Problem Statement

Your open-weight LLM has an easy time selecting a tool given a user’s prompt when the number of tools is low, but when you increase the number of available tools by some factor, your LLM starts making rookie mistakes.

Solutions

Here’s is a solution you can try:

Solution #1

Before prompting your model, you’re gonna have to group your tools into functionally distinct categories. These categories will form your tool catalogue table of contents. After you have your tool catalogue, craft a system prompt that instructs the model to select one or more of your tool categories from your catalogue’s TOC. This system prompt can be called your ToolRouter or something similar. Ok, now it’s time to prompt your ToolRouter.

Given a user’s query, you can do a binomial experiment using your ToolRouter. Query ToolRouter n times with varying model parameters. Aggregate the results, and select the most commonly chosen tool categories for the next step: reveal the tools from the chosen categories to your model.

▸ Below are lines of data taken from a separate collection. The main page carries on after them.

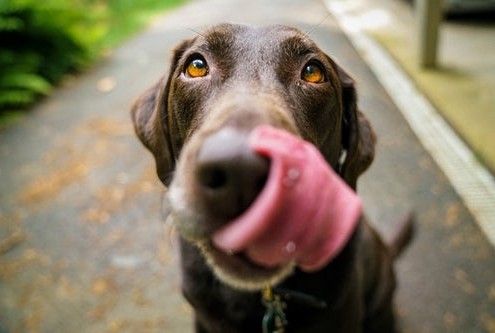 brown dog with its tongue out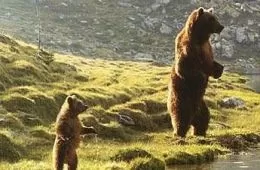 Медведь (1988) - кадр 3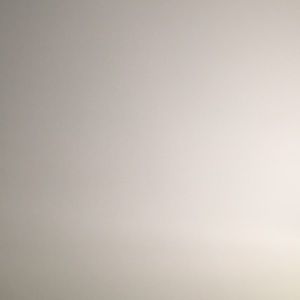 Meet your Posher, Jossie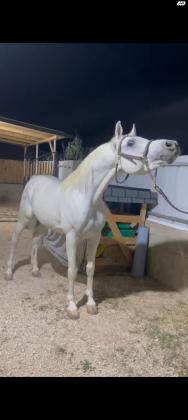 סוס מצרי רמה גבוההעם תעודה חזקה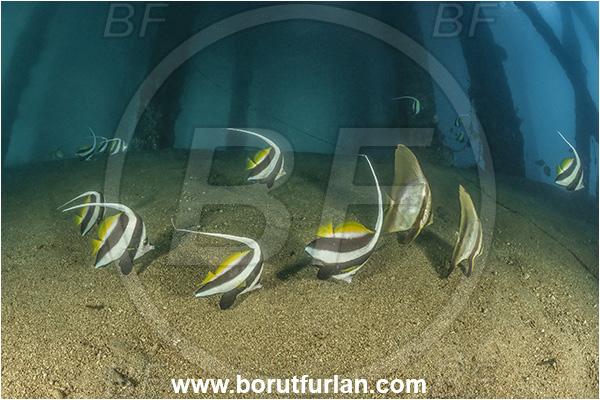 New Britain, Papua New Guinea, Pacific ocean, Jetty, Pillars, Sand, Platax teira, Platax, Ephippidae, Longfin Batfish, Batfish, Juvenile, Heniochus diphreutes, Heniochus, Chaetodontidae, Schooling bannerfish, Bannerfish, Fish, Fish school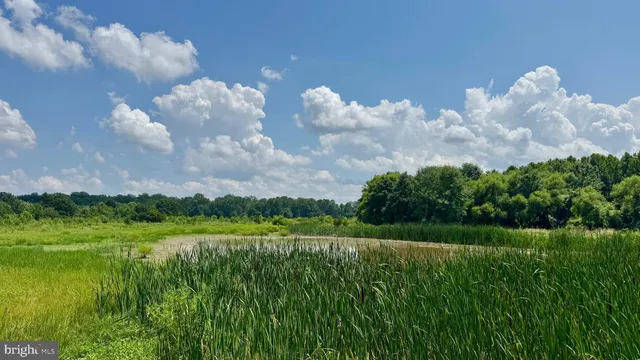 $12,500,000 | 6150 Oxford Road, Easton, MD 21601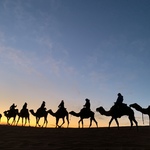 ayumiの旅行プロフィール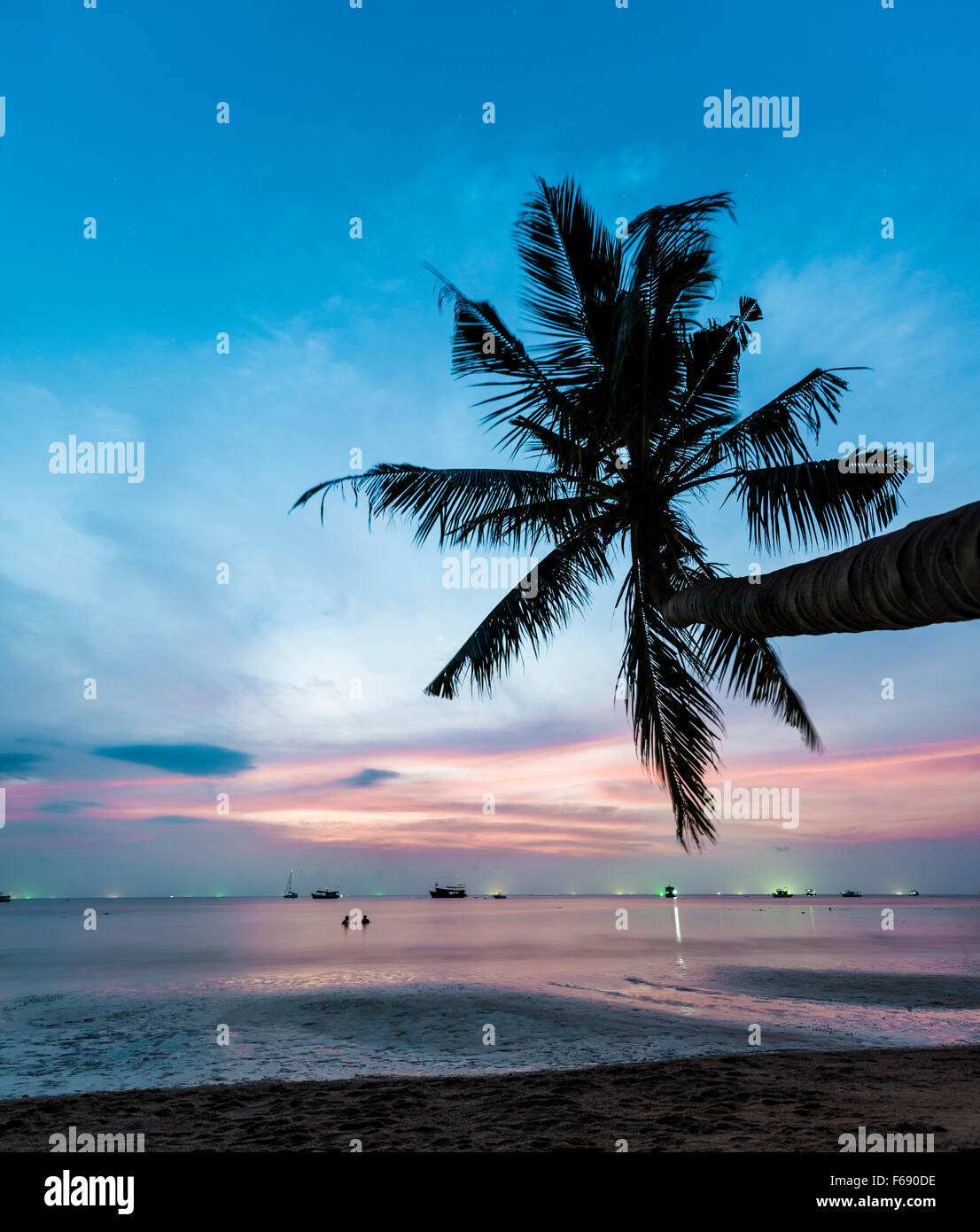 Palme bei Sonnenuntergang am Meer, Südchinesisches Meer, Golf von Thailand, Koh Tao, Thailand Stockfoto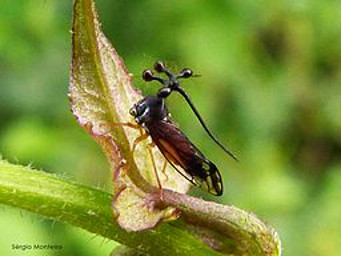 Treehopper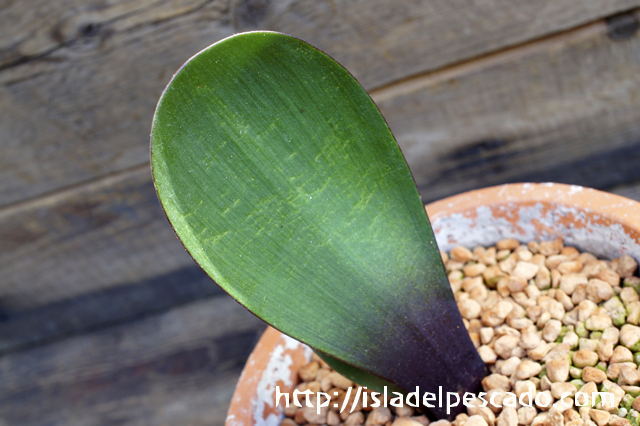 isla del pescado - Haemanthus nortieri-ハエマンサス・ノルティエリ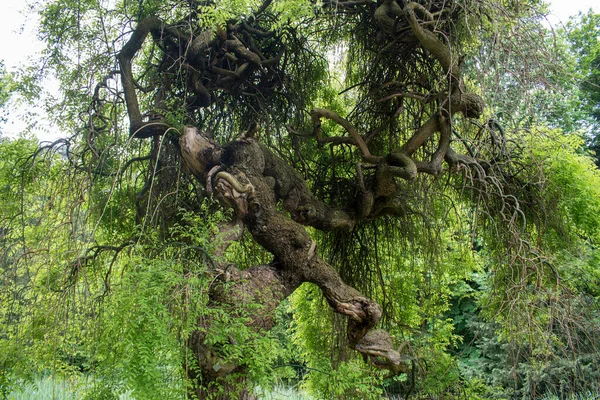 Віенна Австрія Травня 2023 Дерево Розрослося Дивно Незвично Дуже Цікаво — стокове фото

For each tool category, start a new chat session, and send the user’s prompt to your model with the category’s available tools. Parse the output as usual looking for valid tool calls, call the tools and provide the output back to the model in the same session. Finally, aggregate the results from each session’s output, and query your model once more in a new session using the user’s prompt and a system prompt augmented by the tool call results in a language suitable for instructing the model to respond to the original user’s query.

Mo’ Problems

New Problem: You’ve created your tool catalogue, but the number of categories has increased, and your ToolRouter has the same problem that you had before creating a tool catalogue.

Here’s a potential solution:

Maybe this is happening because the tool categories are not semantically distinct enough. Try running a clustering algorithm against your categories and their descriptions and rewriting them until the clusters are maximally distinct. Iterate, iterate, iterate. Once you’re satisfied with the distinctness of your tool categories, do the same for the tools within your category. The end result should be a tool catalogue with maximally distinct TOC and within each category, maximally distinct tools. In a follow up step, you can run RAG against your tool catalogue and the user’s prompt to supplement the earlier solution using the ToolRouter.